Diabetes - The Medical Perspective

Many people shy away from starting insulin. Most of the time, a fear of shots is why people don't want to start on insulin. They may be thinking about a flu shot or a vaccination. New and improved needles for insulin make insulin shots much less painful than flu shots or vaccinations.

The insulin needles are shorter and thinner than those used for other shots. They also use a special polishing technique and lubricants on the needle to decrease pain. This helps the needle glide through the skin rather than tear through the skin.

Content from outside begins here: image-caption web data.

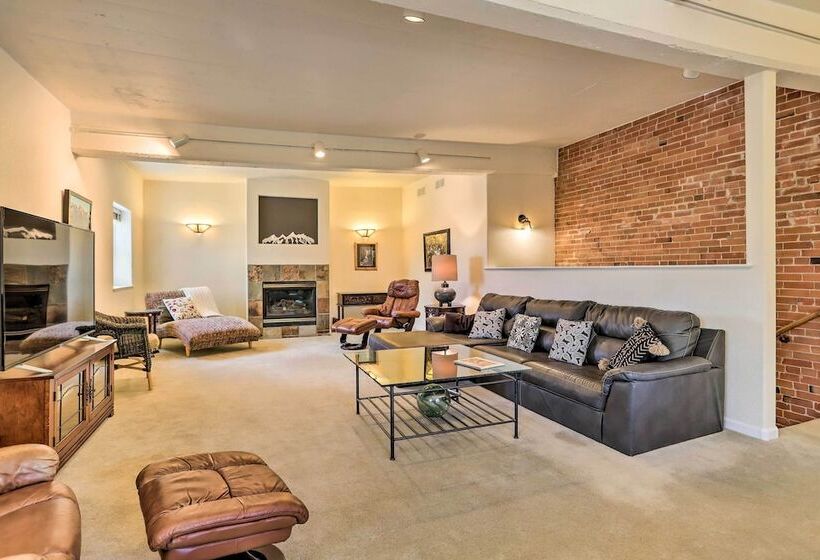 Historic Dtwn Loveland Home: Expansive Patio!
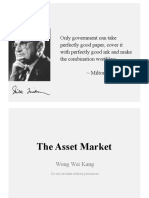 4 - The Asset Market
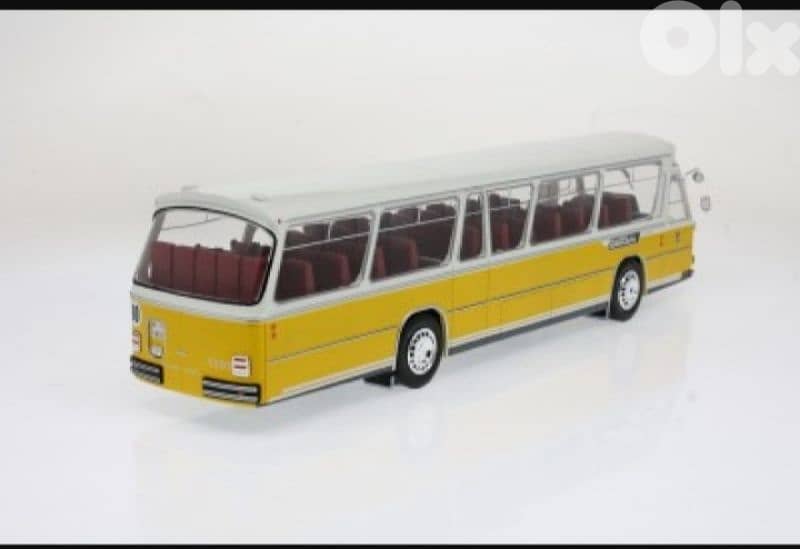Pegaso 5023 diecast bus model 1;43. 5
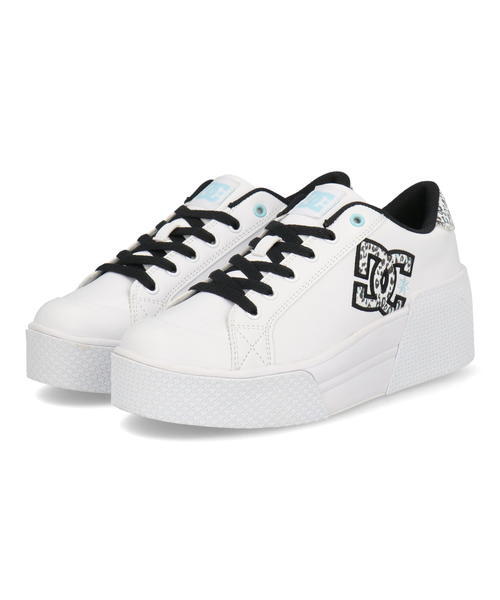 DC SHOES WS CHELSEA LITE WEDGE レディース スポーツシューズ (レディース チェルシー ライト ウェッジ) DW231601 CHE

The "gauge" of the needle means how thick the needle is. A higher gauge number means a thinner needle. For instance, a needle with a 31 gauge is thinner than a needle with a 29 gauge. The 31-gauge needle is one of the most popular needle widths, and the thinnest for syringes. Insulin pen needles also come in 32-gauge.

Needles also come in different lengths. At one time longer needles were recommended for overweight people so that the needle could go deeper through the subcutaneous fat. However, others have found just as good blood glucose control with the shorter needles (8 mm) often recommended for normal weight people. Lengths for insulin pens come as short as 4 to 5 mm.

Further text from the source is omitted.